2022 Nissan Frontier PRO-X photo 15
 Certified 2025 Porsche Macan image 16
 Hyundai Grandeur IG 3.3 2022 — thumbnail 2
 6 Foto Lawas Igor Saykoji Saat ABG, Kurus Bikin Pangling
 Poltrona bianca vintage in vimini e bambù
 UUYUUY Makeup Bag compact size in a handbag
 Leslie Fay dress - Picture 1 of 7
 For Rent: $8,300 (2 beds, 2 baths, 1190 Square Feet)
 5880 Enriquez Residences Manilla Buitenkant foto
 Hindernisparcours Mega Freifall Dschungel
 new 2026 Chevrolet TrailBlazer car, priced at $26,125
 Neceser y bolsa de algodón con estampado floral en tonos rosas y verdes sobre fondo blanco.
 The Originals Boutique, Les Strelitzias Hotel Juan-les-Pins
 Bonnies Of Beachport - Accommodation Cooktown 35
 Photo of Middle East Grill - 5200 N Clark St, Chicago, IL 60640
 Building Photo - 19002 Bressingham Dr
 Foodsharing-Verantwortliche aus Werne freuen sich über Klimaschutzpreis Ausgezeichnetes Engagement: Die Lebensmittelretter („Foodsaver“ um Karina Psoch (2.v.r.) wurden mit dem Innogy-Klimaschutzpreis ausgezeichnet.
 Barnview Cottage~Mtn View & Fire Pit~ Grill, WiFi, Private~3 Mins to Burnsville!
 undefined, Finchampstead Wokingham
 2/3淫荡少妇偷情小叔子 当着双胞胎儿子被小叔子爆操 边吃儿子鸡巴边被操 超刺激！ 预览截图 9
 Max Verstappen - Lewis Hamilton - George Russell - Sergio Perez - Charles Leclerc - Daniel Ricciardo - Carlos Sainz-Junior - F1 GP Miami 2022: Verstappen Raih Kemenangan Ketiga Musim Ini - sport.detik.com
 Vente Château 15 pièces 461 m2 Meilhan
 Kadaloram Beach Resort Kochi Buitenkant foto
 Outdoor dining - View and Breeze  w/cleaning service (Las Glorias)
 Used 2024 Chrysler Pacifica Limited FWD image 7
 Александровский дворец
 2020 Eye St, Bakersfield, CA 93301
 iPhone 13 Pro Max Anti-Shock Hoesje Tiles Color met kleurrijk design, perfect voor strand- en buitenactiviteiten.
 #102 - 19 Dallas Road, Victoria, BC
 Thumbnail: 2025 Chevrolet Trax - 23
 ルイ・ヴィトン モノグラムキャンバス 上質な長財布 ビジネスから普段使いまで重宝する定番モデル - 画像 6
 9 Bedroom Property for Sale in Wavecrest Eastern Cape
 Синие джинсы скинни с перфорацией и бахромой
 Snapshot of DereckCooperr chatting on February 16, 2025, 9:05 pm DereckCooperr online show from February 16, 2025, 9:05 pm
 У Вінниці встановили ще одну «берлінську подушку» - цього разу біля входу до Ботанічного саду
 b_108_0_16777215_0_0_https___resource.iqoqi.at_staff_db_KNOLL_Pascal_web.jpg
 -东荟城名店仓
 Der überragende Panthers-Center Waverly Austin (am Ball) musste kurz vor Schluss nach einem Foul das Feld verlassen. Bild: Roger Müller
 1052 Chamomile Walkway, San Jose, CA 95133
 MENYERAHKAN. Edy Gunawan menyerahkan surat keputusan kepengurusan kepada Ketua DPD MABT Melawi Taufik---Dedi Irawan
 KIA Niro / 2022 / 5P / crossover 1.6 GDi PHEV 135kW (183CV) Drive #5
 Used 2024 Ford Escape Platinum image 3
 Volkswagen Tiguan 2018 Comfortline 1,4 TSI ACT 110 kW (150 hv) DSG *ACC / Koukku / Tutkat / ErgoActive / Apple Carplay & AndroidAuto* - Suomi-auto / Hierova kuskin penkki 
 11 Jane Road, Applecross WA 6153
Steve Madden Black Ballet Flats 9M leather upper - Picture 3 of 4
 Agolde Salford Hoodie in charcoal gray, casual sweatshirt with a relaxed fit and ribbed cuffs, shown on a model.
..........
### Exercise instructions
Please give back the records exactly as written, beginning at the first line and including the line that holds "2/3淫荡少妇偷情小叔子 当着双胞胎儿子被小叔子爆操 边吃儿子鸡巴边被操" as the last.

### Solution to this task
2022 Nissan Frontier PRO-X photo 15
 Certified 2025 Porsche Macan image 16
 Hyundai Grandeur IG 3.3 2022 — thumbnail 2
 6 Foto Lawas Igor Saykoji Saat ABG, Kurus Bikin Pangling
 Poltrona bianca vintage in vimini e bambù
 UUYUUY Makeup Bag compact size in a handbag
 Leslie Fay dress - Picture 1 of 7
 For Rent: $8,300 (2 beds, 2 baths, 1190 Square Feet)
 5880 Enriquez Residences Manilla Buitenkant foto
 Hindernisparcours Mega Freifall Dschungel
 new 2026 Chevrolet TrailBlazer car, priced at $26,125
 Neceser y bolsa de algodón con estampado floral en tonos rosas y verdes sobre fondo blanco.
 The Originals Boutique, Les Strelitzias Hotel Juan-les-Pins
 Bonnies Of Beachport - Accommodation Cooktown 35
 Photo of Middle East Grill - 5200 N Clark St, Chicago, IL 60640
 Building Photo - 19002 Bressingham Dr
 Foodsharing-Verantwortliche aus Werne freuen sich über Klimaschutzpreis Ausgezeichnetes Engagement: Die Lebensmittelretter („Foodsaver“ um Karina Psoch (2.v.r.) wurden mit dem Innogy-Klimaschutzpreis ausgezeichnet.
 Barnview Cottage~Mtn View & Fire Pit~ Grill, WiFi, Private~3 Mins to Burnsville!
 undefined, Finchampstead Wokingham
 2/3淫荡少妇偷情小叔子 当着双胞胎儿子被小叔子爆操 边吃儿子鸡巴边被操 超刺激！ 预览截图 9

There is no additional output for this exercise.